During the month there were several committee meetings affecting village life.

 

At the annual meeting of the Moss Cottage Homes Mr H W Bowman was re-appointed Chairman.  No.1 had become vacant but later in the month it was noted that Miss F Chalkley had been given the tenancy.

 

The Ashwell District Council announced the last houses in Ashwell were being connected to sewers and it was the only village in area with sewerage. This seems to me like a major cause of celebration in the village but I suspect it slipped through without much notice.

 

At the Parish Council Meeting Mr Angell tendered for herbage on the Recreation ground.
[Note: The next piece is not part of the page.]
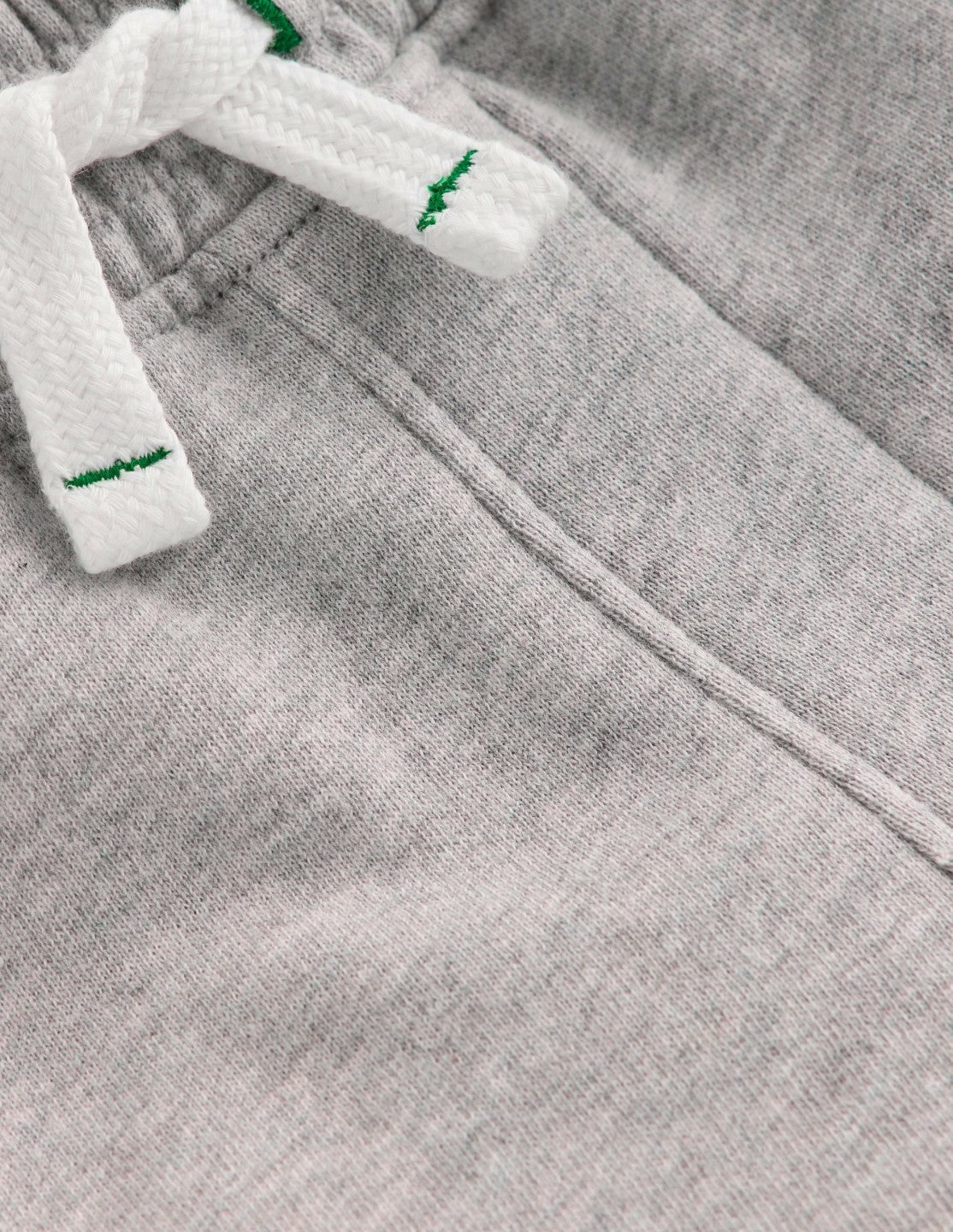 Boden Boys|Baby Essential Sweatshorts-GREY MARL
This was evidently to run sheep on the grass to keep it down as the picture shows. On the back of the museum’s copy it says that Mr Angell used to own the field so perhaps he was just carrying on a long held practice. The District Surveyor was called in to survey a disputed ditch between Mr Sale and Mr Parkhouse’s property and discussions were started about proposals for an additional burial ground.

 

The War

 

Fortunately there were no fatalities reported this month but there were reports of four soldiers including two reprinted letters one entitled ‘From a Gallant Ashwell Soldier’. 

 

This letter was from Private Law of the1st Beds, the son of Mr & Mrs John Law of The Cuckoo Inn. He had been awarded a £5 cheque for gallantry having seen severe fighting and already had the Russian Order of St George presented to him by Czar. I think this refers to George Law who enlisted on the 19th April 1908.

 

Private Harold Clements, the third son of Mr & Mrs H Clements, Ashwell, was wounded in France, had recovered, and was now serving in Egypt. His letter initially received by Mr Chote of Merchant Taylors School ‘from an old boy serving in Egypt’ gave details of life there and a visit to the pyramids.

 

Private William Huffer, son of Mr William Huffer, High St, Ashwell, age 20, was still in hospital at Manchester following injuries caused by and explosion at the front.  William Herbert Huffer enlisted before the war on the 30 December 1912.

 

The newspaper reports that Private H Burton, son of Mr & Mrs J W Burton, West End, Ashwell, was badly injured but now recovered. We have two pictures of a Harry Burton but are not sure if they are the one mentioned here or even the same individual.